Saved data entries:
↓

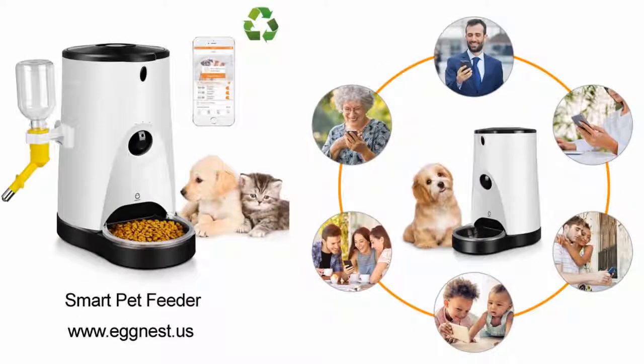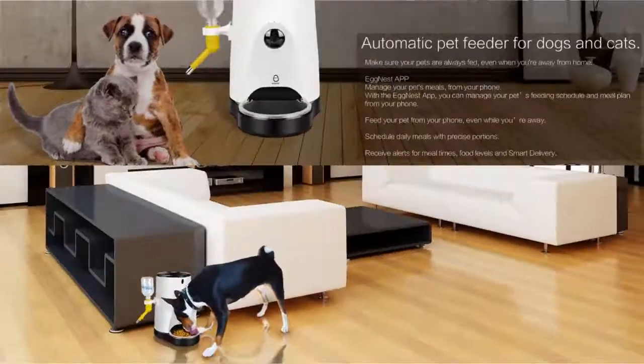EggNest Smart Feeder is ideal for pet owners who want to make sure their pets get fed on time, every time, even when they're not home. The EggNest Smart Feeder allows you to set up feeding schedules on the EggNest app. Once programmed, the feeder will automatically dispense the pre-selected portion size at the set time.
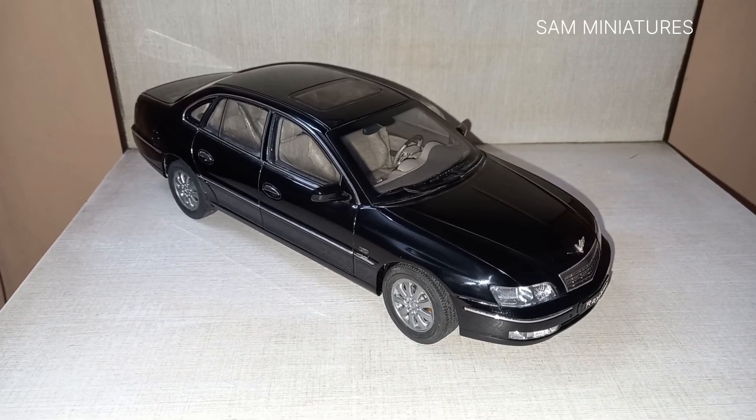Hello viewers, good evening and welcome to Sam Miniatures. Tonight I will give a review of this most uncommon model in 1:18 scale — it's the Buick Royaum sedan from 1996 to 1998, manufactured by a Chinese manufacturer called Camus. I didn't know Camus previously, but they make a beautiful model of this Buick. I got this model from a life car model and I'm not showing the real image of the vehicle due to copyright.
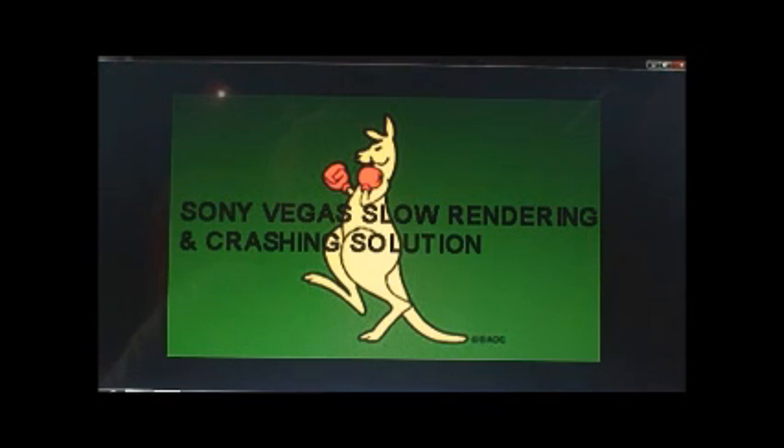I understand the frustration I see on the internet where people are writing in and blogging saying that their Sony Vegas is so incredibly slow at rendering and also it crashes. So often over the last year I've made a film and it says it's going to take 12 hours to render, or 18 sometimes, and you let it run overnight and you get up in the morning and it's crashed halfway through the night. Very frustrating.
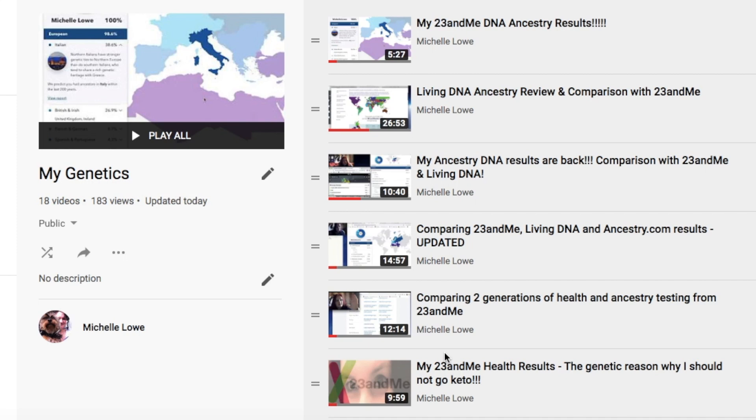Hey guys, hope you're well. This is a little bit of a change to my usual content. If you're not interested in Ancestry results, then come back tomorrow. Usual content will resume then.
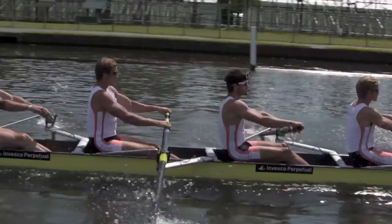As Henley, England gets set to host rowing's Royal Regatta, we find out what it takes to make the cox grade.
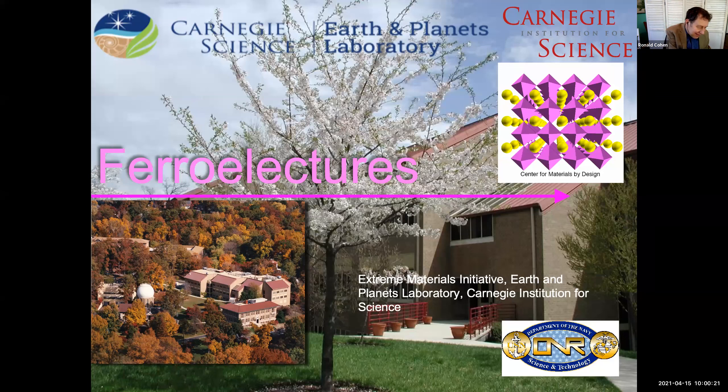Welcome everyone to the first of a lecture series — Ferro Lectures on Ferroelectrics and Related Materials. We started this because of the pandemic and the fact that we're not all seeing each other like we normally do at many meetings during the year. This series is sponsored by the Carnegie Institution for Science and the Earth and Planets Laboratory, and co-sponsored by the Center for Materials by Design, which runs the Ferroelectrics Workshop each year.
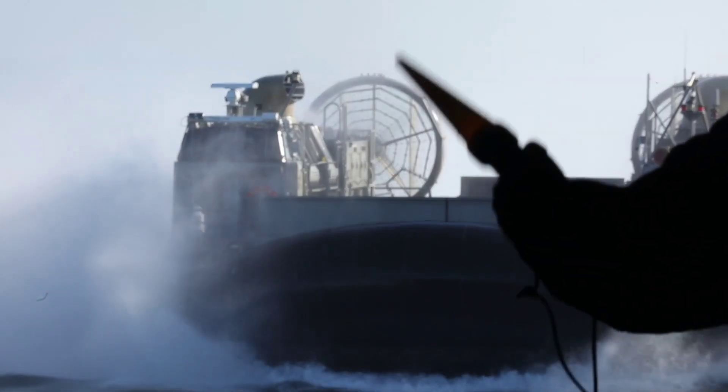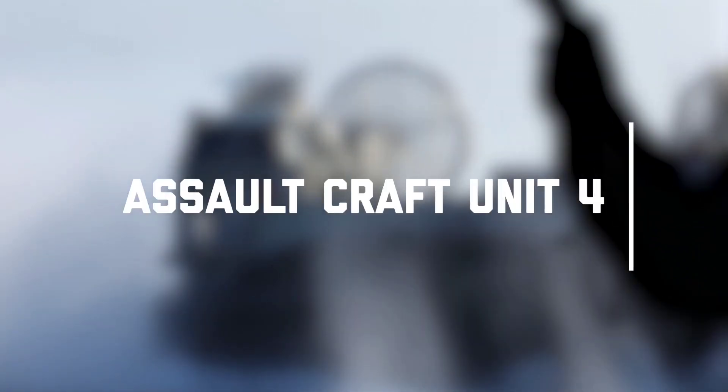In the ever-changing landscape of global operations, one command stands ready to meet the challenge. Welcome to Assault Craft Unit 4.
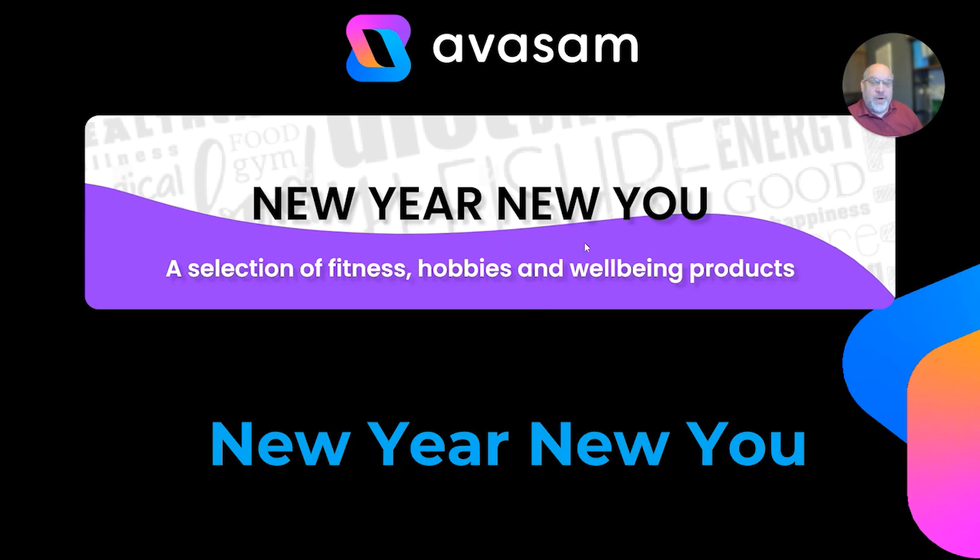If you want to find more products suitable for this time of year, we've got a banner on the homepage — New Year, New You — covering a selection of fitness, hobbies, and wellbeing products. It's a quick route into potentially the top sellers for the coming months.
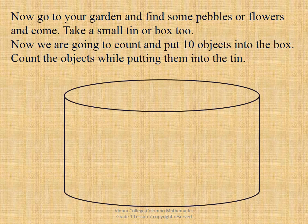Now we are going to do an activity. To do the activity, you need to have some pebbles, buttons or flowers, and a small tin too. Can you find them and come? Okay, did you find them? Now we are going to count and put 10 objects into the tin. Let's start.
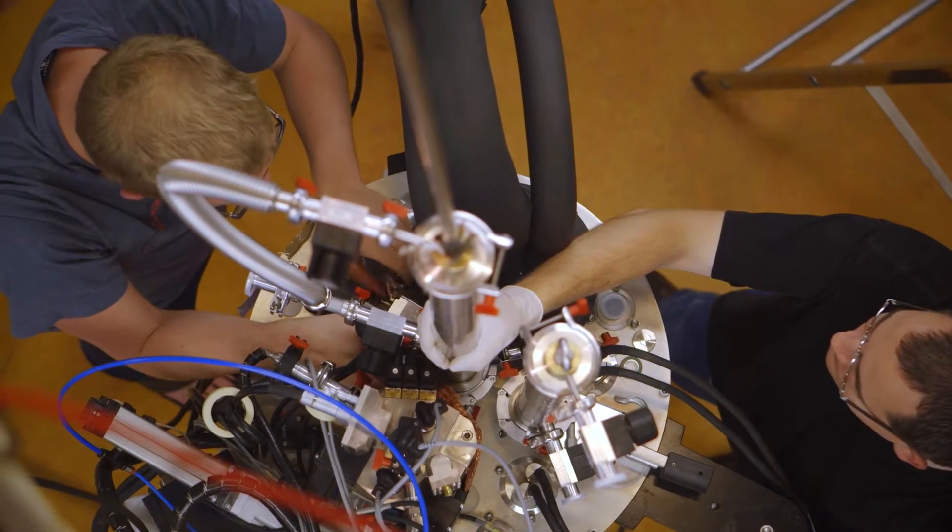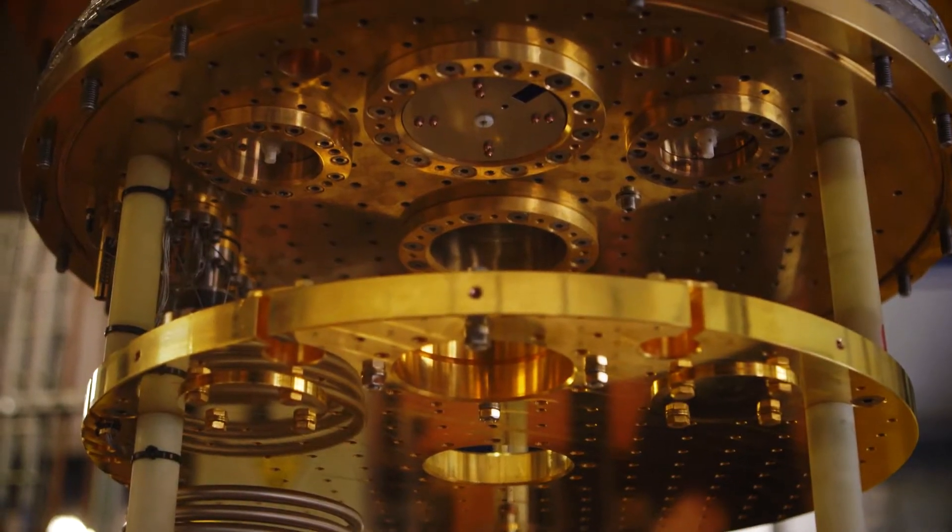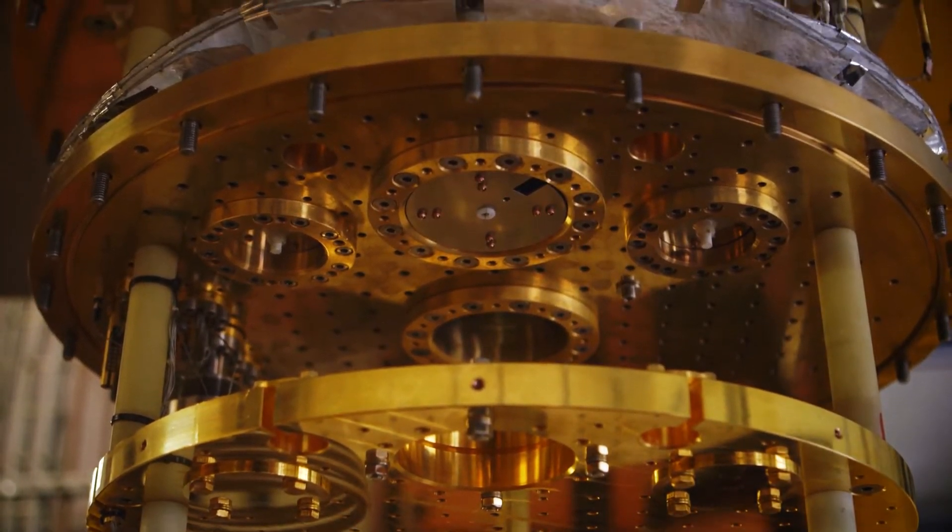How can a quantum computer actually be built? In fact, how is a single qubit realized? And how can we ever put together many qubits in a large-scale machine?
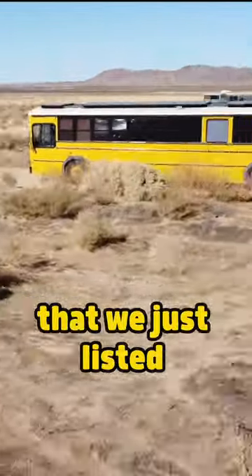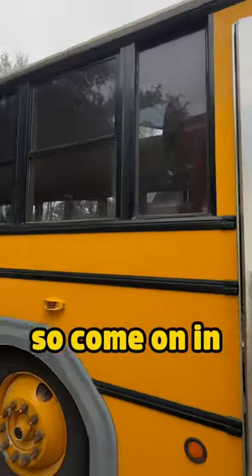This is our 40-foot school bus home that we just listed for sale, and we'd love to give you a quick tour — so come on in.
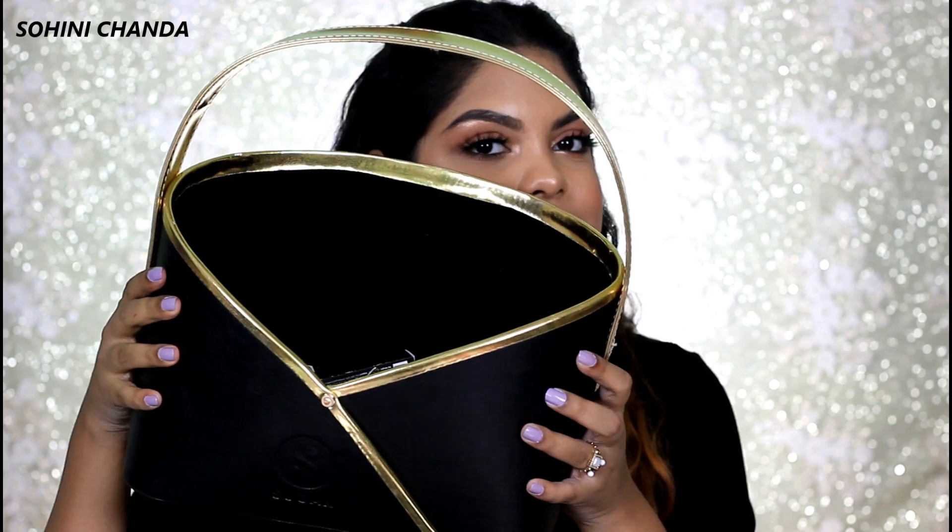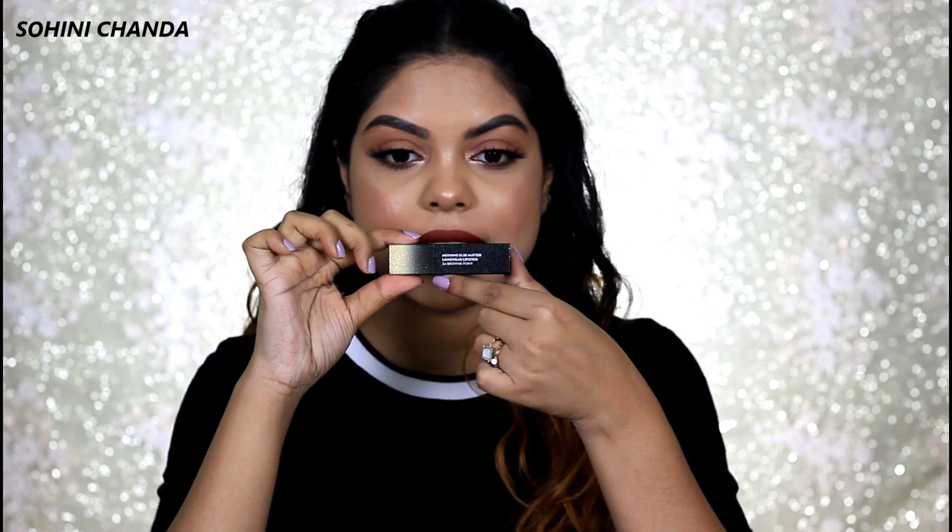I have got this beautiful basket from Sugar Cosmetics and they have sent me all the limited edition long wear lipsticks from shade 23 to 34. I'm currently wearing shade number 34, which is Brownie Point. These retail for ₹599 for a 3.5 gram product. This is the limited edition packaging — black and gold, it is so pretty. Look at the glitters on the inner packaging! At the back it says 'Nothing Else Matters Long Wear Lipstick' along with the shade number and name.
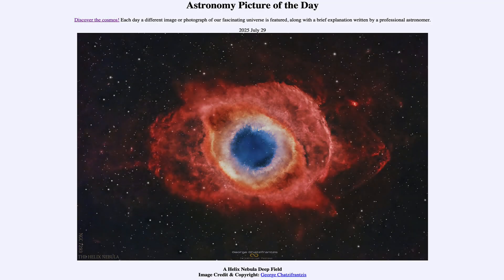Greetings and welcome to the Astronomy Picture of the Day podcast. Today's picture for July 29th of 2025 is titled A Helix Nebula Deep Field.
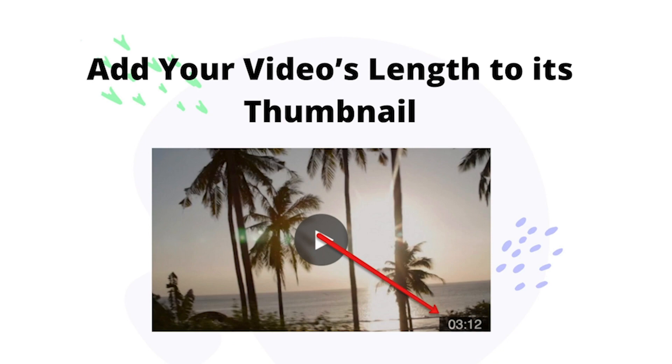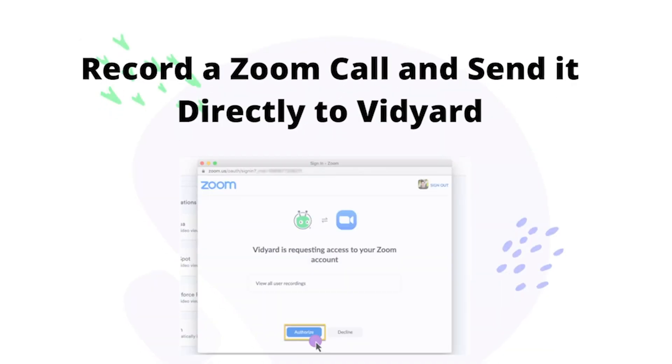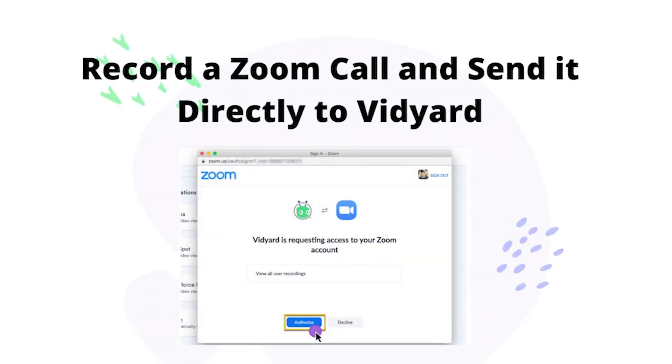Want viewers to know how long the video they're about to watch is before clicking play? There's a Vidyard tip for that — add your video's length to the thumbnail. Another cool platform hack is the ability to record a Zoom call and send it directly to Vidyard. That way, if you have an important meeting, you can record it and it will send it directly to your personal Vidyard library to store and watch back later.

↑

Problem description:
Pictures are not part of the answer. Restate word for word the lines from the one with "I have got this" through the last line of the records.

Your solution:
I have got this beautiful basket from Sugar Cosmetics and they have sent me all the limited edition long wear lipsticks from shade 23 to 34. I'm currently wearing shade number 34, which is Brownie Point. These retail for ₹599 for a 3.5 gram product. This is the limited edition packaging — black and gold, it is so pretty. Look at the glitters on the inner packaging! At the back it says 'Nothing Else Matters Long Wear Lipstick' along with the shade number and name.
Greetings and welcome to the Astronomy Picture of the Day podcast. Today's picture for July 29th of 2025 is titled A Helix Nebula Deep Field.
Want viewers to know how long the video they're about to watch is before clicking play? There's a Vidyard tip for that — add your video's length to the thumbnail. Another cool platform hack is the ability to record a Zoom call and send it directly to Vidyard. That way, if you have an important meeting, you can record it and it will send it directly to your personal Vidyard library to store and watch back later.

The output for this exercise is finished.